Позвонили из Союза кинематографистов, сказали, что есть "добро" на вступление Каблукова в члены, приняли без задержек. В Союзе тоже была атмосфера, тоже позволяла хоть одним бочком, локотком, носком башмака да вылезать из пространства идеологической пантомимы Смольного. В Ленинграде-городе после Москвы у людей вид был, как бумаги наелись. Никого не рвет, а что немного мутит, можно справиться, да и привыкли, как к тому же, пусть, насморку. И сами немного как из намокшей бумаги. Невесело, зябко, депрессивно. По погоде. По сырости, по небу над Большим домом и Финляндским вокзалом. Не Тридцать-Седьмой, конечно, но Тридцать-какой-то-Угрюмый - и с памятью о Тридцать-Седьмом. Не то пятилетка надежд кончилась, не то молодость. Не твоя, не поколения, а как категория. Ум есть, ума, считай, палата - преждевременного, подкисшего. Радость, шутки, остроты, тот же смех, да та же свобода движений, жесты, гримасы - есть, но на реле, на внутреннем ограничителе. И не сказать, что душно, духота, удушье. Напротив, даже свежо, а только словно бы после проветривания. В Публичной библиотеке в залах висело: "Пятиминутное проветривание за пять минут до окончания каждого часа". И ноздри не столь остро слышали непосредственно, сколь "понимали", какая пятьдесят пять минут висит в воздухе тухлота. Ничего невыносимого обкомовское начальство не говорило - только до абсурда низменное, низкопробное, ни на что, даже на высмеивание, не годящееся. А ты становись у уличного стенда или вытаскивай из общедоступного фанерного ящика в той же библиотеке эту напечатанную в газете назидательно-непререкаемую хрень, читай и никому, ни старушке прохожей, ни свободомыслящему выездному олимпийскому чемпиону по хоккею, ни тем самым себе самому, не моги сказать "хрень" - вот что было невыносимо. Точнее, трудновыносимо.

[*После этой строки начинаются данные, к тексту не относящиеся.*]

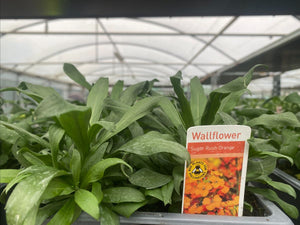 28-tray Wallflowers Sugar Rush - Mixed Colours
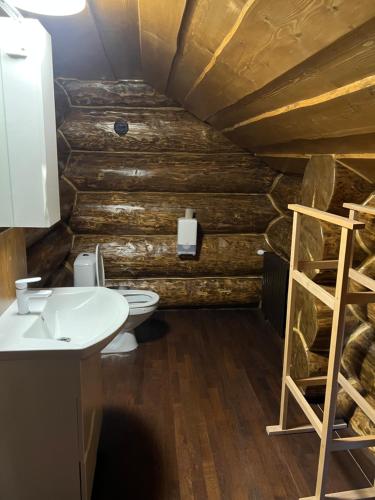 a bathroom with a toilet and a sink at Villa ZRUB in Palyanytsya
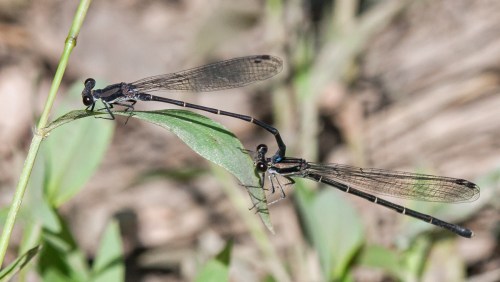 Blue-tipped Dancer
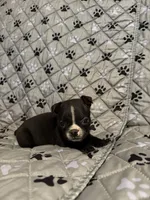 Maximus, a male Boston Terrier for sale in Sarcoxie, MO – Photo 5 of 10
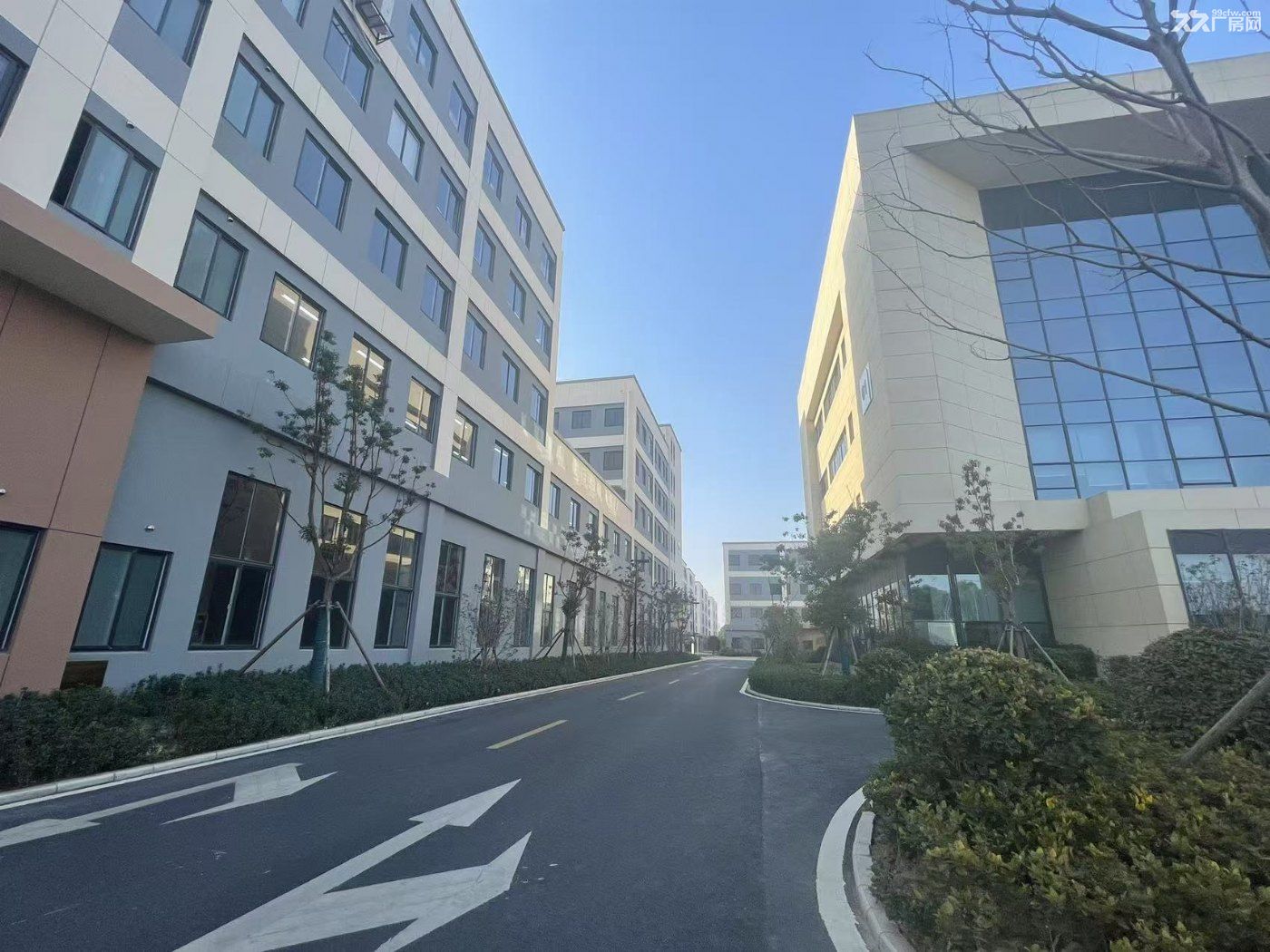 六合核心板块 江北大道旁 纯独栋大平层 年底钜惠 产权50年 安保24小时服务 - 7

В Союзе же, в ленинградском отделении, о московском так вообще легенды ходили, был порядочный допуск на вольномыслие. Не из-за кинолюдей сошедшихся - потому что и невменяемых из "актерского цеха", и осторожных из "критического" хватало, и приставленных от КГБ, и в КГБ завербованных, - а из-за самой киношности. Как-то требовалось "Сладкую жизнь", или "Земляничную поляну", или просто все множество "трофейных" фильмов совместить с крокодильим садком Смольного, и сделать это можно было только через шлюз и буфер "Ленфильма". Железный занавес не для того ковали, чтобы об него расшибались в Бресте и Чопе поезда и летящие в Хельсинки и Белград самолеты, а как высокоэффективное средство санэпидконтроля. Поезда и самолеты натыкались на карантинную стену совершенно так же, как дикие звери, не знающие, что они пересекают государственную границу, и попадающие на проволоку под током. Зараза Запада была невыдуманной и, попади она на территорию социалистических республик, неодолимой. Кино, приходящее оттуда, довольно легко поддавалось простейшей дезинфекции: дескать, само оно как таковое сказка - и реальность, которая им демонстрируется, сказка. Нотр-Дам де Пари, Эмпайр Стейт билдинг, какие-то англичане, итальянцы, которые и говорят-то так, что их надо переводить на нормальный язык, и одеты по-архиерейски, и едят в ресторанах, и живут в залах, и ездят, как розы в кабине роллс-ройса. Экзотика, племя в долине реки Ла-Плата, цивилизация инков.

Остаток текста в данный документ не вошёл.